The Easter bunny and Easter eggs may have their origin in pagan, or at least non-Christian, rituals. As you point out, so do many other things in modern Christian practice. This would include most Christmas customs including the date thereof, many wedding customs including the honeymoon, and even saying "bless you" when someone sneezes. The Easter bunny and Easter eggs have become a part of the celebration because they represent the rebirth of spring, a time in which Jesus was resurrected to a renewal of life. As I said in answer to another question most people don't even know of these origins, so the practice itself would only be objectionable if they knew, and insisted on doing it for its original religious reasons. If the customs are followed as customs and not as religious practices then the Bible says nothing to forbid them. In fact it specifically forbids people from judging others based on such customs. "Let no man therefore judge you in meat, or in drink, or in respect of an holyday, or of the new moon, or of the sabbath days." (Col 2:16)

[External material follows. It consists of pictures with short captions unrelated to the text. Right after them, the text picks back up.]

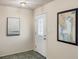 Bright entryway featuring a decorative front door, tile flooring, and neutral paint at 3301 Santa Barbara Dr, Punta Gorda, FL 33983
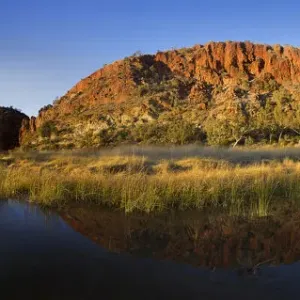 Sunrise at Glen Helen Gorge with Finke River, West MacDonnell Ranges, Northern Territory Sunrise at Glen Helen Gorge with Finke River, West MacDonnell Ranges, Northern Territory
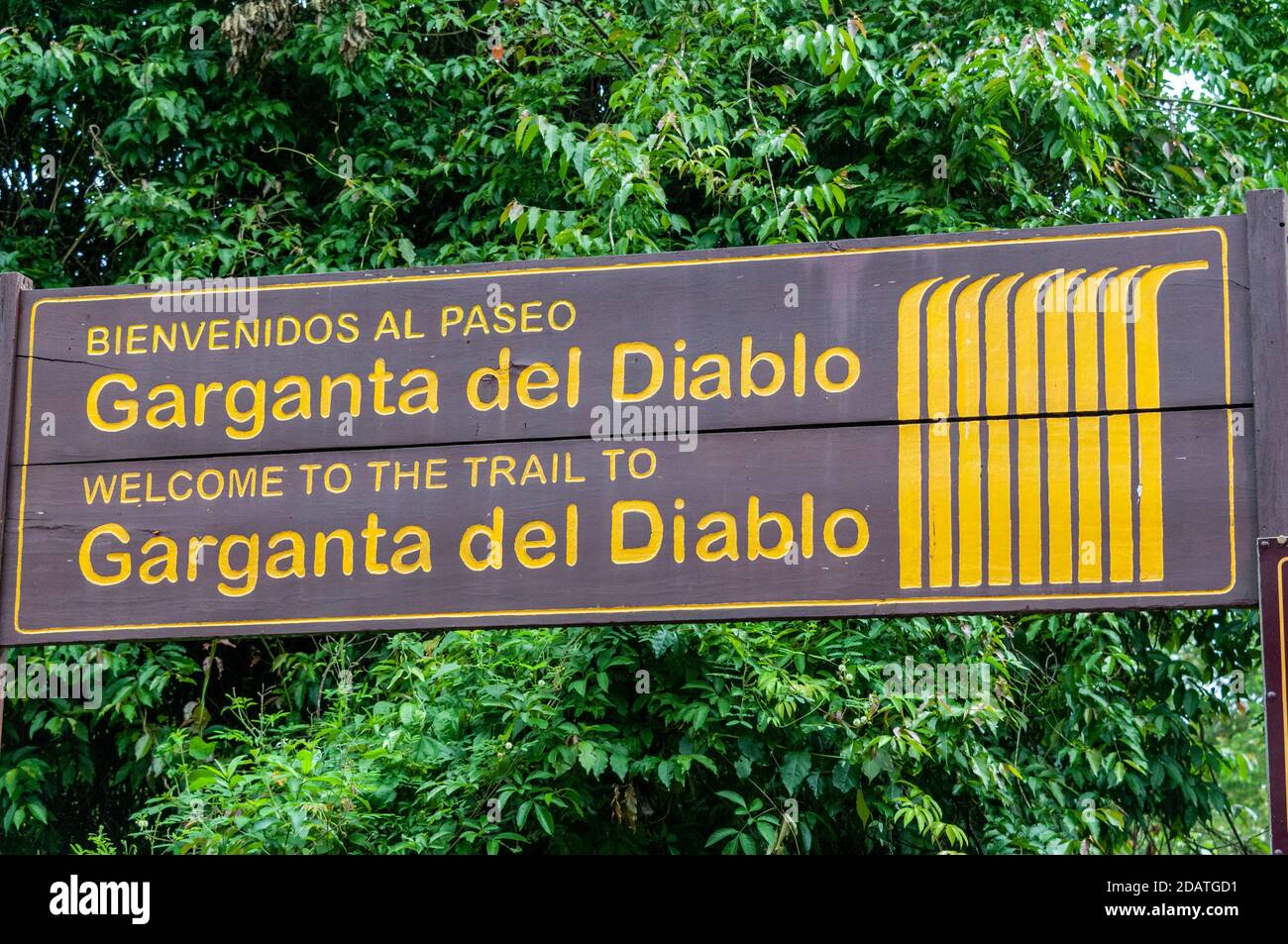 A sign of the Garganta del Diablo walking trail at the last rail station at the end of the line for the Jungle train to walk along the one-kilometre w Stock Photo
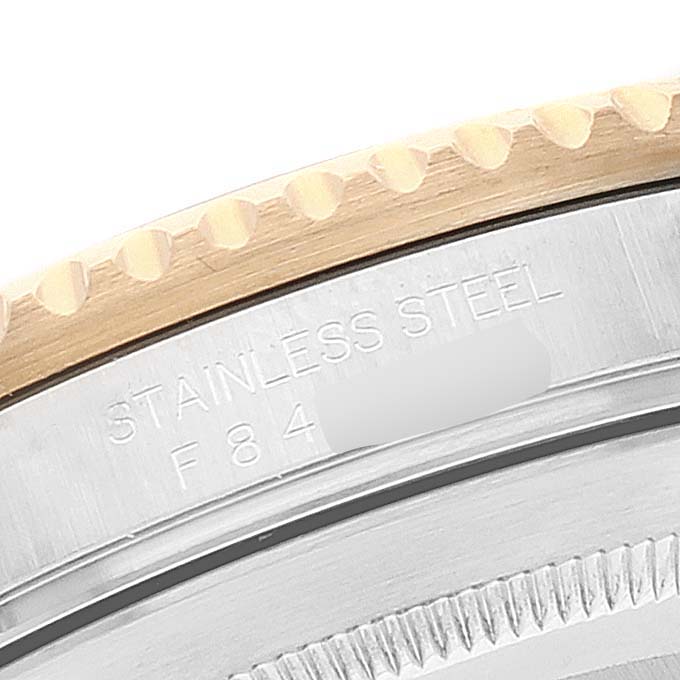 Close-up of the case back and edge of the bezel of a Rolex Submariner 16613 Men
s Steel and Gold (two tone) Blue Dial 16613 Men
s Steel and Gold (two tone) Blue Dial watch, showing "STAINLESS STEEL" engraving.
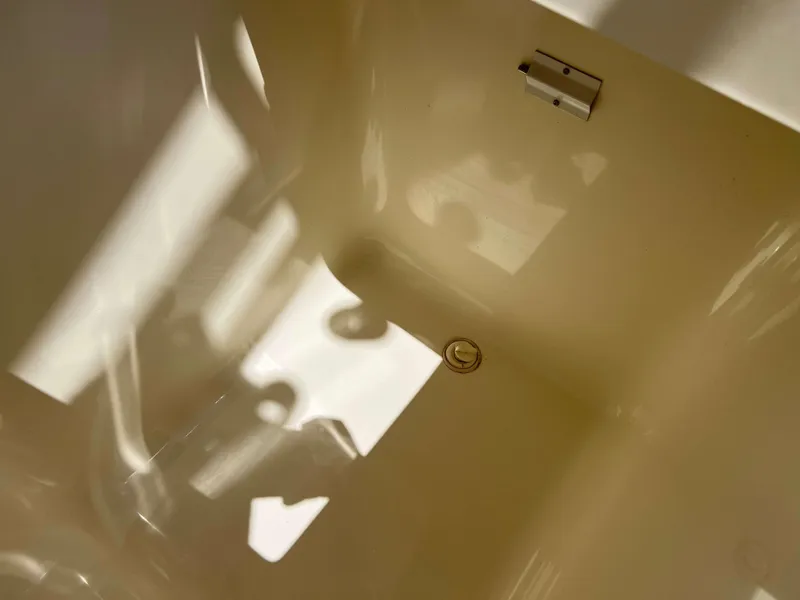 Slide: The Image of Interior view of a 2022 Henriques 42 Express Hardtop boat, showcasing a clean, reflective surface. - 10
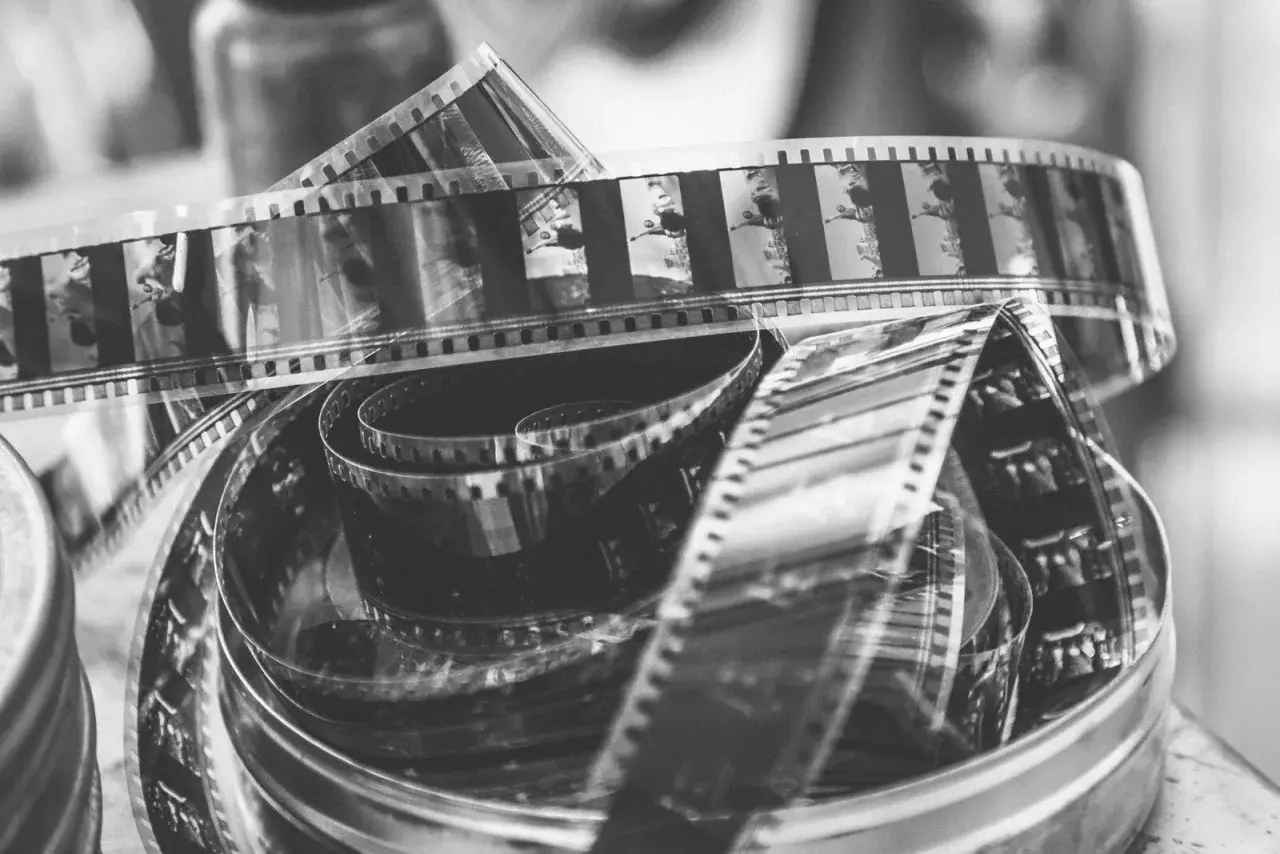 Zwoje taśmy filmowej do analoga, pełne klatek z przeszłości, tworzą artystyczny bałagan w metalowym pudełku.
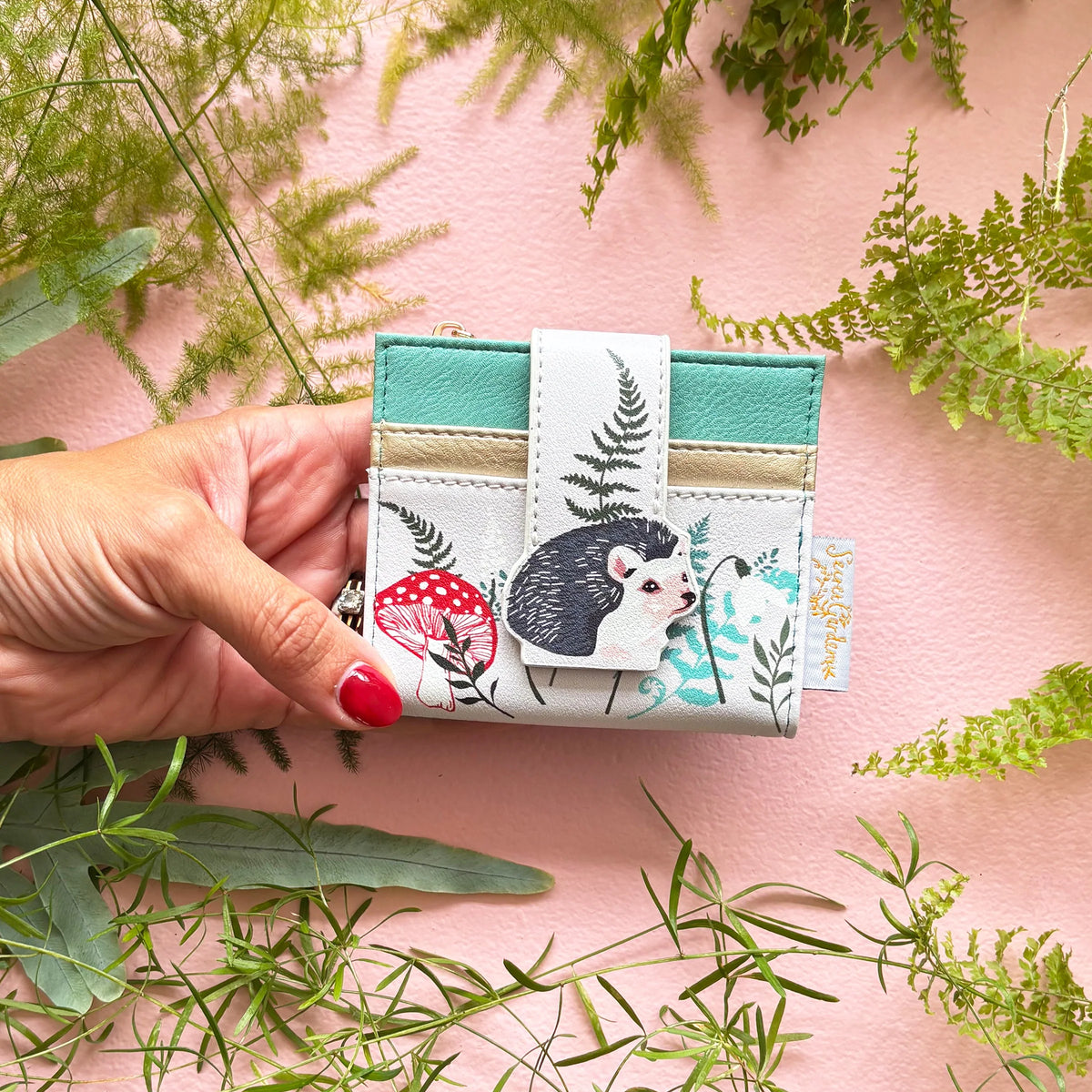 Hedgehog purse held in hand showing compact size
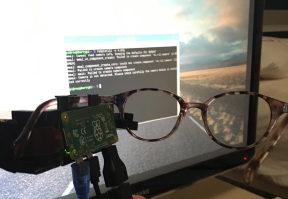 Photo of the prototype (glasses with an Arduino attached) in front of a computer screen with code displayed.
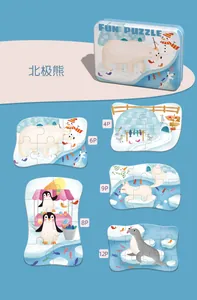 Detail view of five polar animal puzzles with metal storage box for children
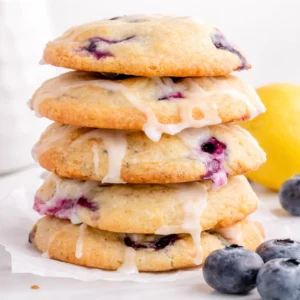 Soft and chewy lemon blueberry cookies with fresh blueberries and a lemon glaze.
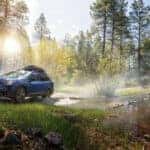 blue subaru outback off-roading in rain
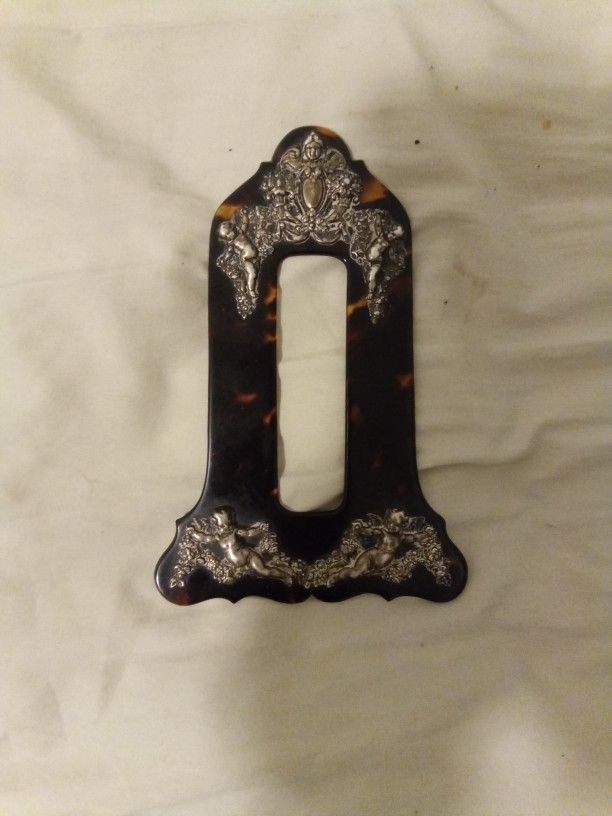ANTIQUE STERLING SILVER AND TORTOISE FRAME ?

You say that "Good Friday" to Sunday is not three days. Some people say Jesus was crucified on Thursday rather than Friday. Even if it was on Friday, though, in the Jewish counting of time it would be three days. To the Jew any part of a day counted as a whole day. Thus the crucifixion counts as one day, the Saturday a second, and the part of Sunday (which started at sundown Saturday) in which Jesus was in the grave would be the third day. "From that time forth began Jesus to show unto his disciples, how that he must go unto Jerusalem, and suffer many things of the elders and chief priests and scribes, and be killed, and be raised again the third day." (Matt 16:21) If he was to be raised "on" the third day that would be any time on Sunday.
Finally, you ask about sunrise services on Easter. I suspect that many churches began the practice because it was about sunrise that the women came to the tomb and found that Jesus' resurrection had occurred. "The first day of the week cometh Mary Magdalene early, when it was yet dark, unto the sepulchre, and seeth the stone taken away from the sepulchre." (Jn 20:1) "Now upon the first day of the week, very early in the morning, they came unto the sepulchre, bringing the spices which they had prepared." (Lk 24:1) "In the end of the sabbath, as it began to dawn toward the first day of the week, came Mary Magdalene and the other Mary to see the sepulchre." (Matt 28:1) Since they came and found the empty tomb at about sunrise, many churches find that an appropriate time to remember or reenact the scene that gives them hope of their own resurrection.